Credit Card Gridlock

By Ryan Healy | November 29, 2007

Is it always good to “snowball” your debt? To pay minimums on all your cards but one, to which you apply all your excess funds?

In most cases, “snowballing” your debt is a good idea. But in some cases it is not. Let me explain.

If all of your credit accounts are carrying a balance, you are in a vulnerable position. Chances are, your creditors will take advantage of your poor financial situation and jack up your interest rates to absurd levels. But you will be in no position to negotiate lower interest rates.

Without being able to negotiate lower interest rates, you may face higher monthly minimum payments. And you may find yourself falling more behind every month.

In a case like this, I feel it’s better to pay down each line of credit with a payment higher than the minimum due. This is because your credit score is based partially on your debt to credit ratio. In other words, how much debt you are carrying based on how much credit you have available.

This is done on a global basis and a card-by-card basis. For instance, if you have one particular card that has a $15,000 limit and a balance of $14,200, that is going to negatively impact your credit score. And the lower your score is, the less leverage you have.

By reducing your balances across the board, especially those balances that are near the limit, you will probably improve your credit score.
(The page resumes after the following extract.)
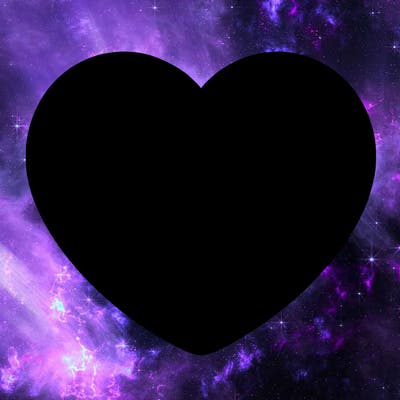 a blank heart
This can lead to zero interest offers and reduced interest rates, should you ask for them.

I personally dislike being in a situation of “credit card gridlock”–where your creditors have you by the nose and can do just about anything they want. I prefer to have some negotiating room. This is one reason why “snowballing” your payments may not be the best way to start reducing debt.

Perhaps you will want to improve your credit score during the first few months, then move to a plan that involves “snowballing” your payments later, after your credit score has recovered.

Popularity: 2% [?]

Want more quality articles about debt reduction and living debt-free? Then make sure you join my email list or subscribe to my RSS feed!

Topics: Credit Cards, Debt |

2 Responses to “Credit Card Gridlock”


  1. Amanda Says:
    November 30th, 2007 at 11:44 am

    You are right on here, Ryan. I was getting NOWHERE with my accounts when I had several accounts open. Sometimes it really does pay to get rid of the smaller ones or to reduce those that are very close to the limit. Debt consolidation isn’t for everyone, but it really helped me get out from that trap.

    It feels great to have some bargaining power with the creditors plus reducing interest rates will save you time and money in the long run.

  2. Ryan Healy Says:
    November 30th, 2007 at 5:06 pm

    Thanks for sharing, Amanda. I’ve also found that having at least one line of credit with a zero balance to be helpful. Usually, they’ll make you low-interest offers to get your business back.

    In the end, you’re just shuffling money around, but it gives you the negotiating leverage you need.

Comments

« Why I Write the Things I Do | Home | A Tale of Two Men »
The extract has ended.